Matthew Evans

mattevans.cloud | me@mattevans.cloud | [ 704-207-6585 ]

Site Reliability Engineer with a strong belief in K.I.S.S., judicious usage of AI to improve productivity, and a love of automation, observability, and working collaboratively to achieve the impossible.

Skills

site reliability engineering programming devops databases containers linux systems administration webservers project management system architecture & design hybrid-clouds

SRE: Grafana, Loki, Prometheus / Victoria Metrics, Datadog, New Relic
DevOps: Puppet, Ansible, Terraform, Jenkins, ArgoCD, Kubernetes, Docker
Cloud: AWS, Azure, AWS CDK, Hybrid (VMware, Proxmox, Hyper-V)
Programming: Bash, Python, Go, Github Actions
Databases: Postgres, Aurora Postgres, MongoDB, sqlite
Linux: RHEL & Derivatives, Debian & Derivatives

Experience

Director of Site Reliability Engineering, Cyware

2023 to Present, Charlotte, NC (remote)

Hired to separate SRE function from DevOps, but remain very hands-on.
Led team of 5 Senior Site Reliability Engineers, reporting to Senior VP of Engineering.
Evaluated several observability platforms and settled on continuing with Grafana stack due to highest ROI.
Wrote numerous custom API solutions in Python to ingest crtitical metrics from Cyware core applications into Prometheus and automate mundane tasks, like EC2 disk expansions.
Deployed ‘masterless Puppet’ GitOps-based state configuration for legacy EC2 platform, to stabilize and prevent recurring issues due to inconsistent configurations.
Wrote custom solution (Python + Go) to pull metrics for all alerts to move to data driven based decision making.
Wrote logic and Grafana dashboard to track ‘all-customer’ and ‘per-customer’ uptime and SLA metrics.
Built-out follow-the-sun on-call rotation in Opsgenie, blameless post mortem, and established first set of SLIs, which led to achievable SLOs and SLAs.
In < 1 year, decreased number of average monthly alerts from over 1,000 to less than 50, and brought uptime from 95% to 99.98% across all customers.
Partnered with DevOps to champion “Next-Generation” Kubernetes based GitOps platform, rolled out in January 2024.
Responsible for disaster recovery and cloud-related BCP architecture and SOPs.
Championed and deployed hybrid-cloud for non-production workloads, decreasing monthly AWS spend by over 50%.
Finally, championed a “document-all-the-things!” approach, to prevent accumulation of tribal knowledge, prevent errors and inconsistencies, and improve operational time to resolution.

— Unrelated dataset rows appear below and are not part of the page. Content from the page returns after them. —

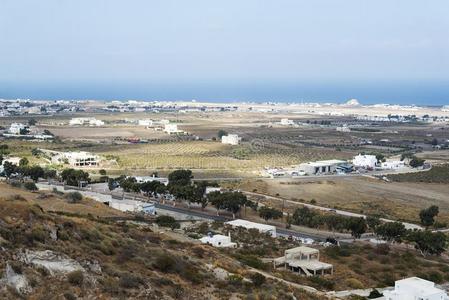 房屋采用田顶看法.指已提到的人岛关于Santor采用i.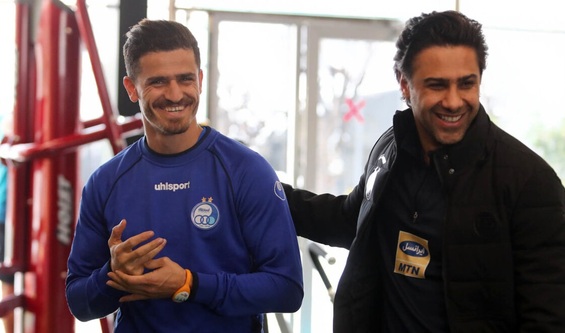 کمپین آبی‌ها علیه حاشیه بزرگ با انتشار یک عکس / هواداران و مدیرعامل استقلال دست به کار شدند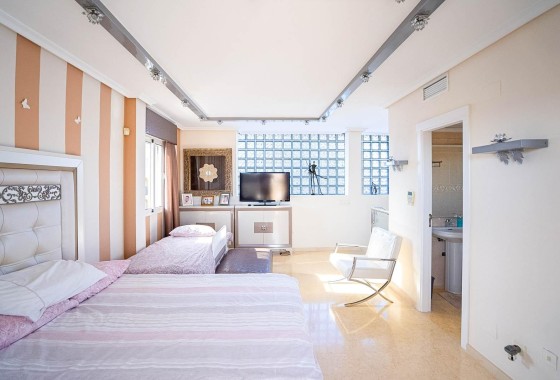 Sprzedaż - Willa wolnostojąca -
Torrevieja - Torre la mata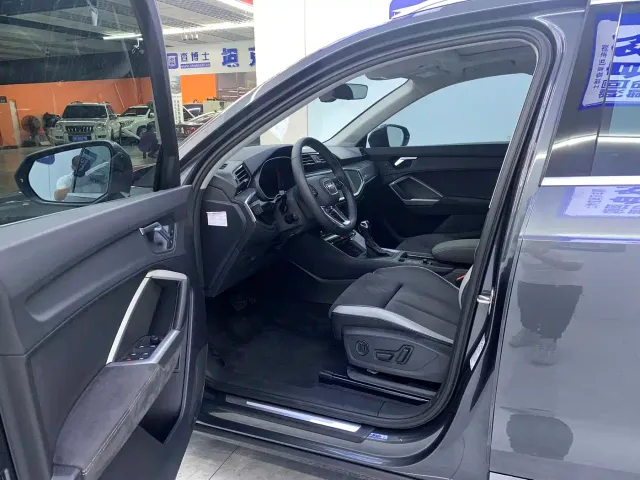 Audi Q3 — Фото автомобиля 11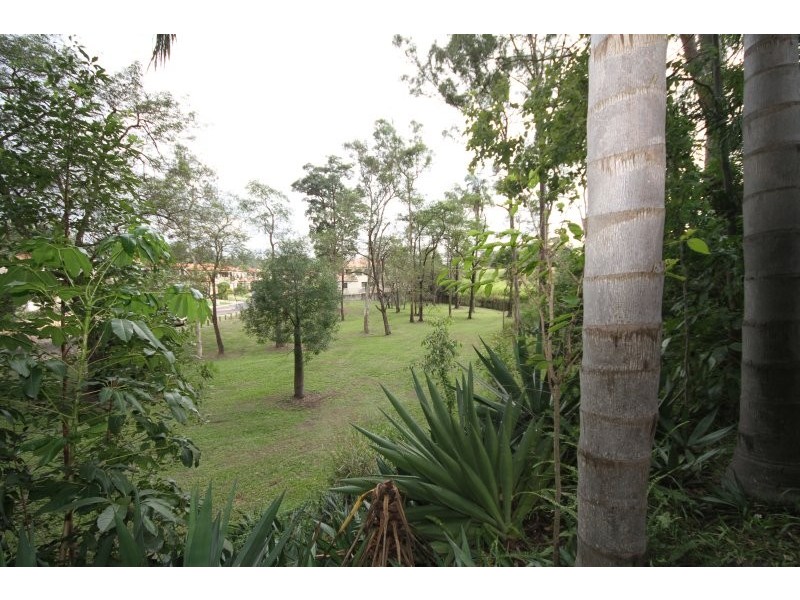 10 Baloo Street, Holland Park QLD 4121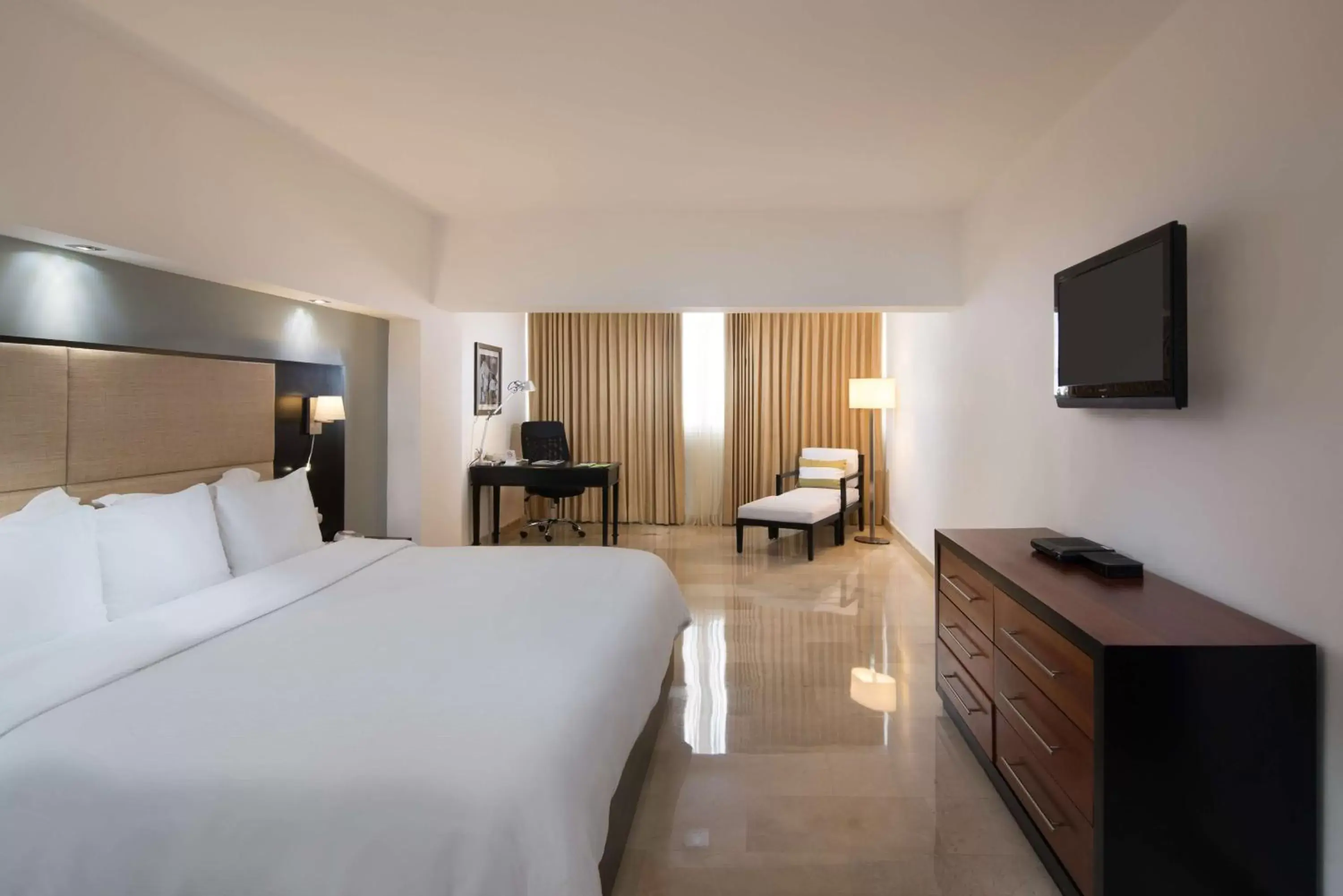 Photo of the whole room, Bed in Radisson Hotel Santo Domingo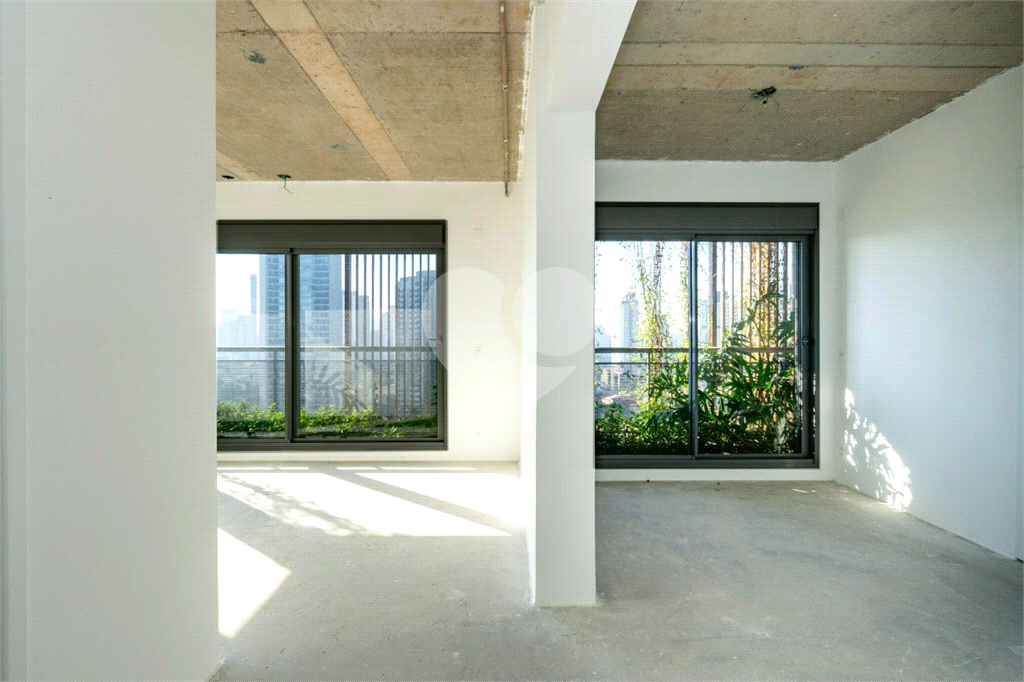 APARTAMENTO em BROOKLIN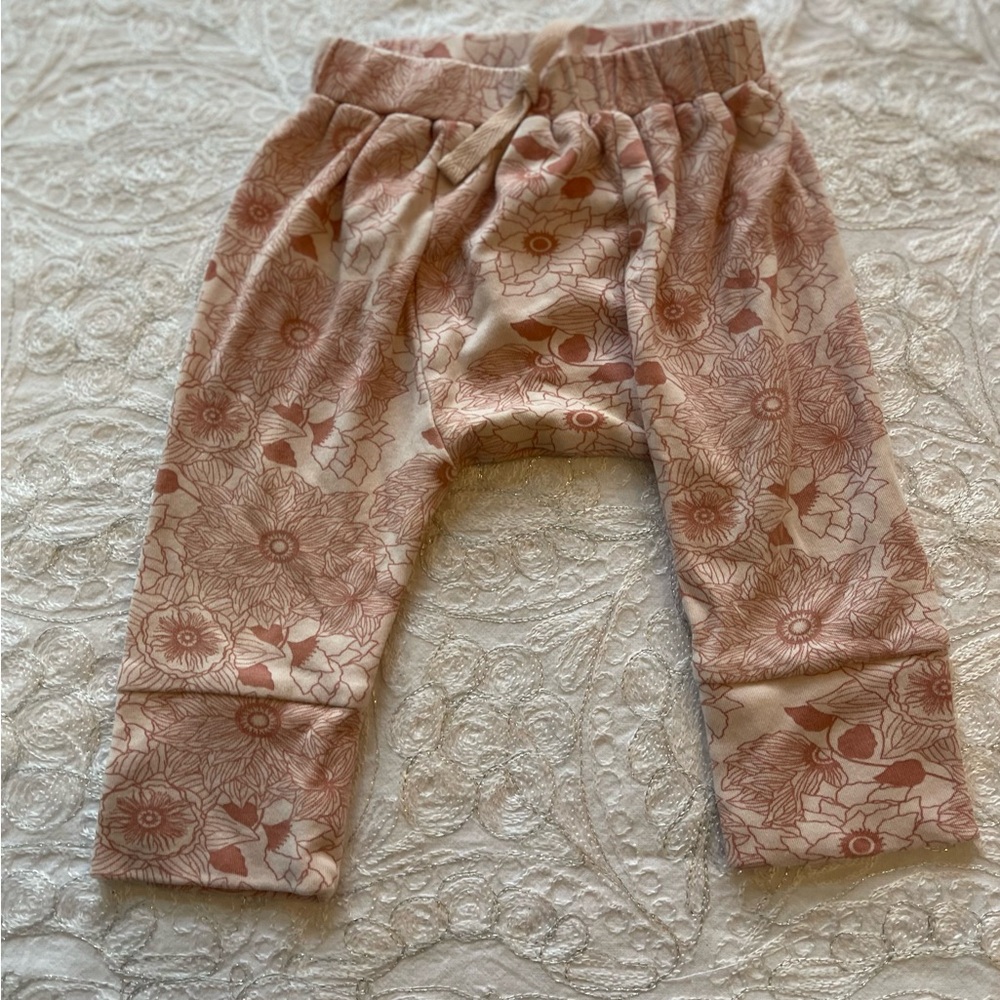 VGUC Light Pink with Rose Pink Floral Patterned Kate Quinn Panda Pants 6-12m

Technologies used: Python, Bash, Terraform, AWS, Azure, Grafana, Loki, LogQL, Prometheus, PromQL, ArgoCD, Puppet, Kubernetes, Helm, Docker

Director of Site Reliability Engineering, Prometheus Alternative Investments

2020 to 2023, Charlotte, NC (remote)

Joined this mobile-first startup, which unfortunately lost funding in early 2023 and closed shop.
Led team of 4 employees and 6 contractors in Pakistan.
Led the development and execution of the cloud strategy, resulting in a 400% reduction in AWS costs while improving reliability from < 90% to > 99.99%, as measured by BetterStack.
With no defined DevOps function, combined DevOps & SRE into one team, greatly improving collaboration from developer workstation through production deployment.
Re-architected AWS platform using AWS Fargate and MongoDB Cloud to reduce costs and complexity, while allowing platform to scale rapidly to meet MAU target.
Worked in partnership with Datadog Partner to quickly deploy full RUM and observability stack, while transfering operational knowledge to my team, saving both time and money versus the go-it-alone approach.
Established SLIs, SLOs, and resultant SLAs.

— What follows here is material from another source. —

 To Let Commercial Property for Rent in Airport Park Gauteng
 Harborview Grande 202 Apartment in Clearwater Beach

Technologies used: AWS, CDK, Terraform, Fargate, Datadog, BetterStack, Opsgenie, Github Actions

Director of SRE & CISO, Alpha Theory (SaaS) / Centerbook Partners (Hedge Fund)

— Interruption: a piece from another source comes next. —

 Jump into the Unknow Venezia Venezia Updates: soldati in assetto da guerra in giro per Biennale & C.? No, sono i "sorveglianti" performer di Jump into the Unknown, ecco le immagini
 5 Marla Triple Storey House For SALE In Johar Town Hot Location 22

2011 to 2020, Charlotte, NC (remote)

As a member of the executive team, participated in organizational planning and direction, interviewing of all new hires, and ensuring security had a voice at the highest levels of the organization.
Managed team of 5 employees and 4 outsourced contractors.
Led the organization from startup, through midlife, and finally to a parent organization with $200 billion under management, while acting as interim-CTO to the wholly owned hedge fund subsidiary, Centerbook Partners ($2B AUM)
Led the efforts to move from on-prem to an AWS/Azure hybrid infrastructure, allowing the SaaS application to utilize ephemeral virtual machines, reducing various daily jobs’ time by several orders of magnitude.
As CISO, led annual black-box penetration testing for infrastructure and application, responsible for vulnerability management program, and overall security posture across the entire organization.

Technologies used: AWS, Azure, VMware, pfSense, Cisco, Datacenter, Megaport, Puppet, Bash, Jenkins

Other Noteworthy Employers

2023 to 2023, Wells Fargo
2009 to 2011, Honda Aircraft
2007 to 2009, IBM
2005 to 2007, AIG (United Guaranty)

Awards & Recognition

Won bid to deploy first public WiFi in Center-City Park in Downtown Greensboro, NC.
Honored by Honda Aircraft CEO Michimasa Fujino for ingenious internet-based streaming broadcast system for OshKosh airshow, saving the company several million over traditional satellite live-broadcast provider.

Projects

ipcheck.sh (Python to Golang learning project)

Certifications

Certified Information Systems Security Professional (CISSP)

2017-Present
Verify at Credly

AWS Solutions Architect, Associate

2023-Present
Verify at Credly

Certified Kubernetes Administrator (CKA)

2024-Present

Certified Kubernetes Security Specialist (CKS)

2024-Present